Fórum Social Temático 2012: a educação como
alicerce e o capitalismo repensado

Debater e elaborar propostas para um novo mundo que, afirma o lema do evento, é possível. Esta é a grande função do Fórum Social Temático 2012, que está inserido no processo do Fórum Social Mundial e acontecerá em Porto Alegre e região metropolitana entre os dias 24 e 29 de janeiro e contará com centenas de atividades como oficinas, shows e mostras. Como temas centrais, estão a crise capitalista e a justiça social e ambiental, que são também as temáticas principais da conjuntura internacional.

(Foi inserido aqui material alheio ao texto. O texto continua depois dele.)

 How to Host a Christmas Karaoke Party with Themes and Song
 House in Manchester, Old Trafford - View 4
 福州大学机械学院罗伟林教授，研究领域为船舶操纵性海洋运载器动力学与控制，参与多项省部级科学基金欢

Além desse debate, o Fórum é também uma preparação para o Rio+20, Conferência da ONU que acontecerá em junho no Rio de Janeiro e abordará o Desenvolvimento Sustentável.

O Fórum, que pretende abrir caminho para que a capital volte a sediar o Fórum Social Mundial de 2013, propõe que os movimentos e ativistas sociais presentes repensem o modelo de desenvolvimento das economias capitalistas, que está problematizado por uma série de questões mal resolvidas e desestruturadas. E, ao que prometem os envolvidos no evento, o acesso à educação e à revisão do sistema capitalista deve ser o centro dos debates. “O capitalismo está aí e não tem volta, então precisamos pensar de que forma está funcionando esse sistema”, afirma o secretário de Políticas de Juventude da Força Sindical, Jefferson Tiego. Para o secretário, o caminho é revisar o funcionamento do sistema, e não lutar contra ele, e cita a crise econômica dos Estados Unidos como exemplo de que esse funcionamento não está correto.

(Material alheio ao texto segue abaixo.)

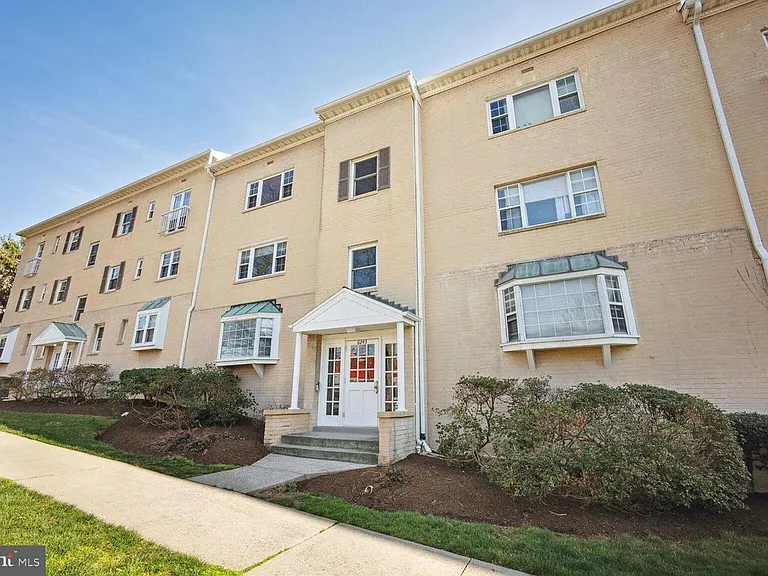 6243 Wilson Blvd #301 — Photo 2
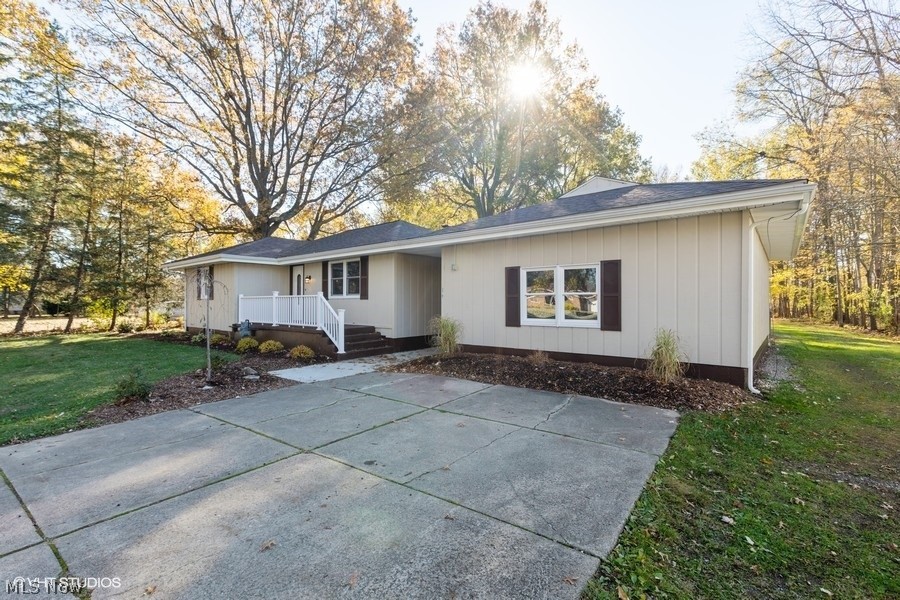 3701 Burkey Road Youngstown, OH 44515 - Photo 3 of 17 Gallery Image 3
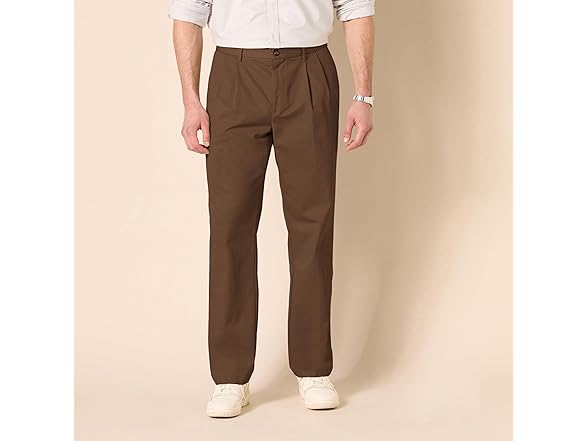 Amazon Essentials Men's Pleated Chino Pant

O Secretário geral do Sindicato dos Comerciários de Porto Alegre e presidente da Força Sindical do Rio Grande do Sul, Clàudio Janta, também prevê uma discussão em torno das políticas econômicas. “Precisamos de uma política de continuidade e não de partidarismo, ainda que com ajustes que podem e devem ser feitos”. Cláudio também lembra a importância de políticas de prevenção e uma melhor estruturação e preparo do governo. “Temos seca todo ano, por exemplo. Então porque não temos verba já prevista para isso?” São temas que estarão no centro das atividades do Fórum.

A educação deverá estar sendo discutida como alicerce para o desenvolvimento mundial. Tanto Cláudio quanto o Jefferson citaram a qualificação profissional e a educação profissionalizante como base para qualquer nação. “Temos que discutir soluções. O piso do magistério tem que ser cumprido. Como? É o que vamos debater.”

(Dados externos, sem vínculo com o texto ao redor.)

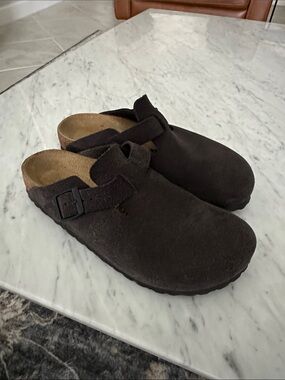 Birkenstock Size 39 Suede Slip-On Clogs
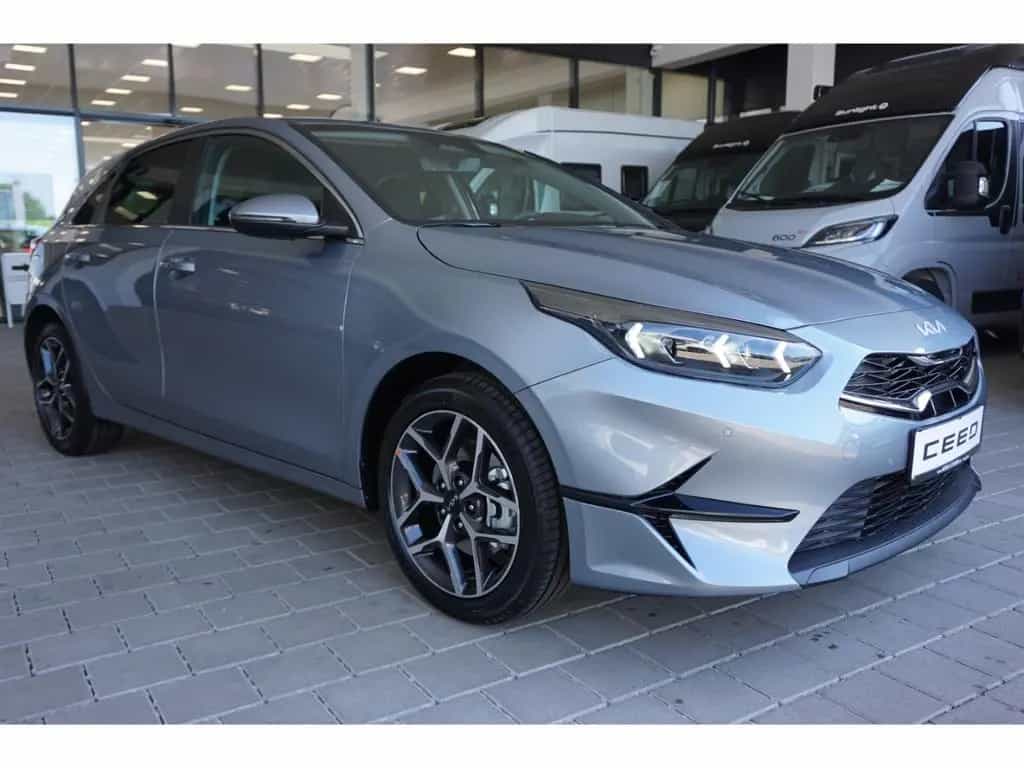 Kia Ceed 1.5T 140 Ultimate Edition Style JBL 17''LM 11/2025-photo-4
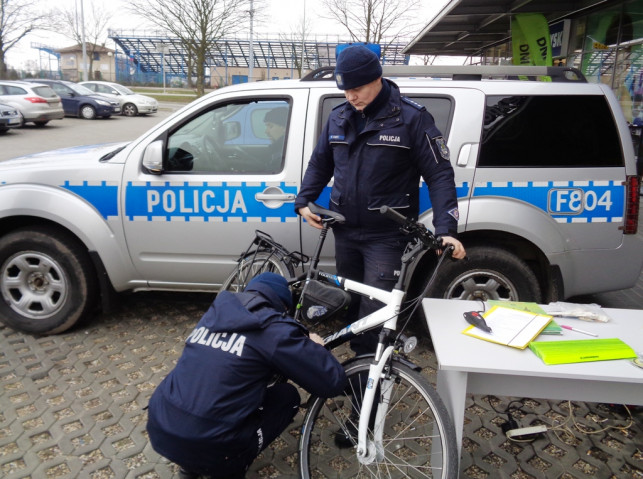 [WIDEO] Policjanci znakowali rowery - Zdjęcie główne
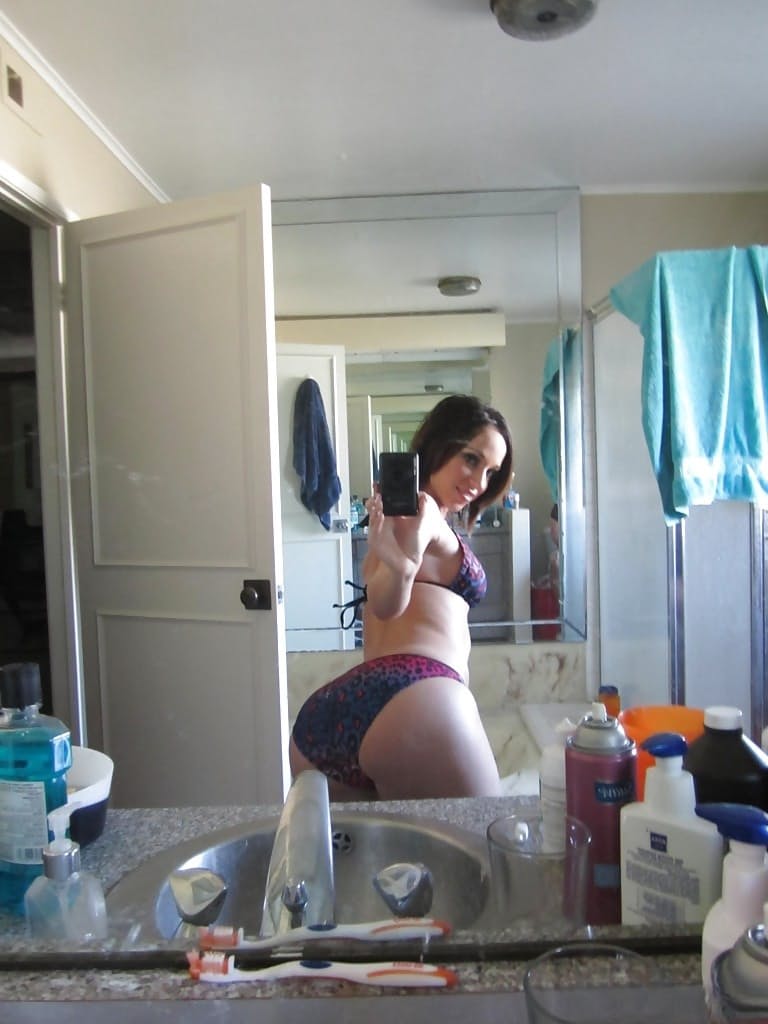 Bad girl Jada Stevens taking selfies in mirror as she peels off her bikini
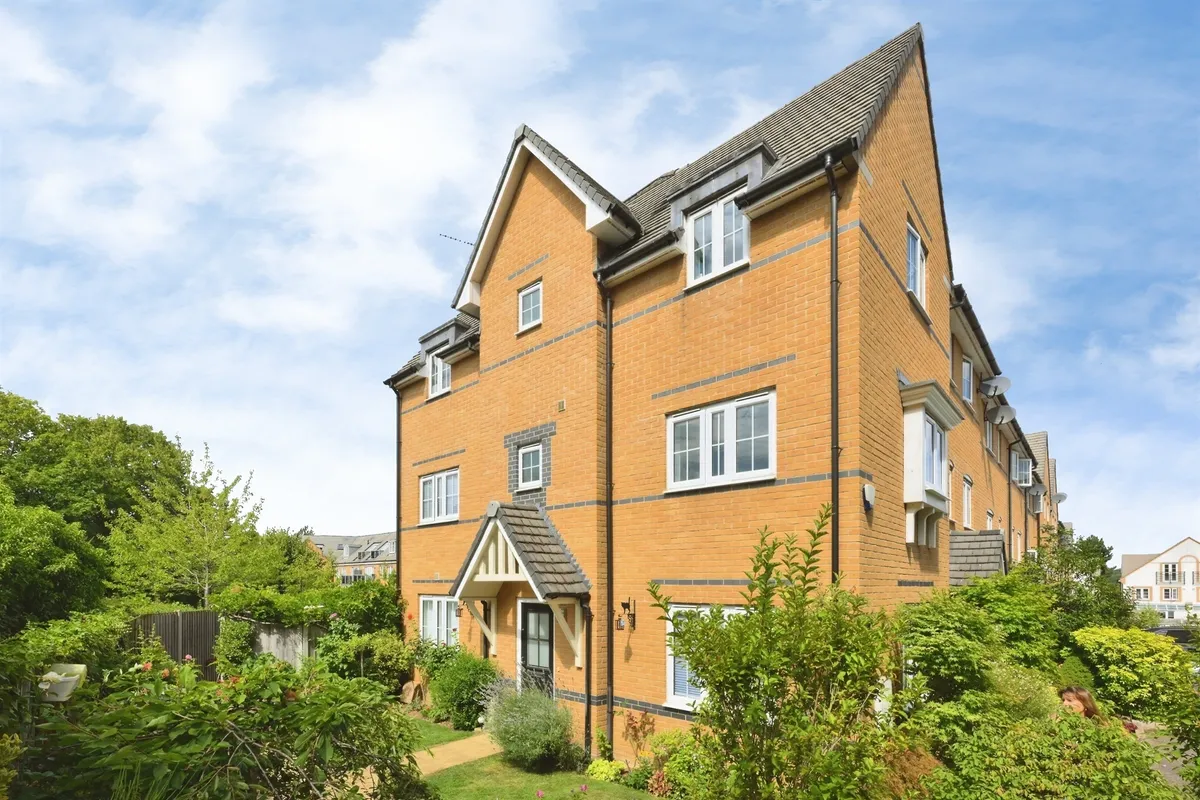 Gallows Way, Hertford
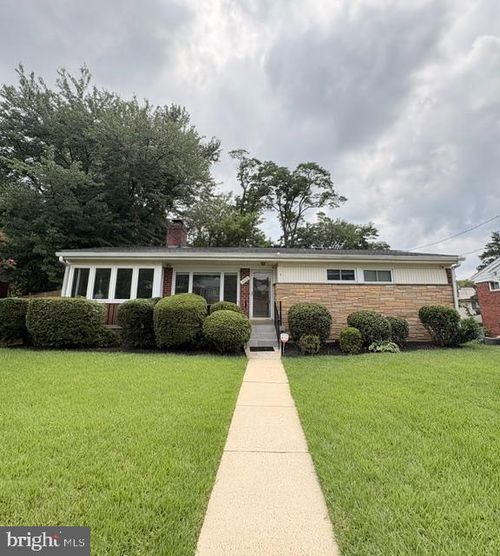 9714 Admiralty Dr, SILVER SPRING, MD, 20910-1401 | Card Image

Nos eixos sindicalistas, está em pauta a redução da jornada de trabalho, cujo projeto já está no Congresso Nacional e deve ser votado ainda este ano, e a qualificação profissional e mão-de-obra especializada. Clàudio Janta afirma que “O Brasil precisa se estruturar. É necessário encontrar um conjunto de políticas para um novo mundo que acreditamos ser possível, através do diálogo entre a sociedade e o governo.”

Outras inúmeras temáticas estão na programação do Fórum como, por exemplo, o debate em torno do preconceito homossexual. Está prevista a entrega de um troféu ao presidente do Sindicato dos Salões de Barbeiros, Cabeleireiros, Institutos de Beleza e Similares do Rio Grande do Sul (SINCA/RS), Marcello Chiodo, por sua luta contra o preconceito homossexual com os cabeleireiros. Marcello, que comemora a recente regulamentação das profissões da categoria, por meio de lei sancionada no último dia 18, lembra que “os direitos são iguais para todos nós, e esse preconceito de afirmar que todo cabeleireiro é homossexual precisa acabar. Até porque, não há problema algum em ser homossexual”. O presidente é contra a generalização e o uso de nomeações de opção sexual como forma de discriminação.

A prefeitura divulgou que o investimento total do município será de cerca de R$ 2 milhões, e que o evento contará com acesso a redes wi-fi e uma linha exclusiva de ônibus.

Memorial é lembrado

O Fórum Social Mundial é um espaço de grandes debates. Como poderia, então, um material com tamanha riqueza social ser simplesmente esquecido? O secretário de Políticas de Juventude da Força Sindical, Jefferson Tiego, coloca que este é um dos grandes desafios desta edição: a organização para o resgate do memorial do FSM. “Queremos deixar um legado”, diz o secretário. De acordo com ele, esse material está disperso em diversos setores e precisa ser resgatado. Quando ao espaço físico, o secretário adjunto da Cultura, Jéferson Assumção, afirma que a secretaria da Cultura já disponibilizou o térreo do Memorial do Rio Grande do Sul para este fim, e que a responsabilidade por essa coleta está a cargo do Comitê do Fórum. Para o secretário, é importante lembrar que o evento é feito pela sociedade, e não pelo governo. “O resgate dessa memória é um processo que começa a se redesenhar. E o apoio do governo está em ceder esse espaço físico.” Jeferson afirma ainda que a biblioteca do Fórum já está sendo montada, mas que é importante também o resgate da memória dos próprios debates, gravados em áudio e vídeo.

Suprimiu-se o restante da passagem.